Ces expressions figent les dynamiques culturelles et résorbent les problèmes dans des considérations techniques (de conquête, de relation, de prestation). Elles appartiennent à des modes de raisonnements qui, bien que souhaitant valoriser la promotion de l’égalité de chacune et de chacun, ne dépassent pas les termes des doctrines bien connues de la démocratisation culturelle, de la démocratie culturelle ou de la participation. Tous ces raisonnements s’ancrent dans des logiques causales et mettent en avant des défauts de déterminations sociales en rapport avec un idéal à atteindre. 

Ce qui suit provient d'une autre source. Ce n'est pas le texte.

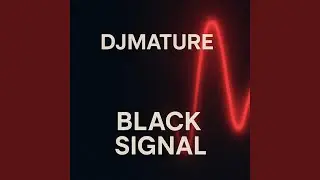 BLACK SIGNAL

Question : est-ce que nous ne devrions pas nous en défaire, chercher à déployer un autre rapport aux œuvres et à l’imaginaire de la communauté esthétique, en ne traitant la question des droits que sous forme conservatoire, puisqu’à un moment ou un autre elle requerra l’État. Penser par conséquent d’abord en termes d’émancipation des spectatrices-eurs, auditrices-eurs, de déplacement de la perception imposée des oeuvres, de changement des modes de spatialité et de temporalité, de déstabilisation des frontières entre les arts, etc. et donc chercher à promouvoir d’autres manières de penser le rapport de chacun(e) à tous. Surtout face aux nouvelles attitudes de haines culturelles, aux hurlements confus (1), au sexisme persistant, à l’indistinction entre République et Démocratie, pour ne profiler que quelques problèmes actuels. 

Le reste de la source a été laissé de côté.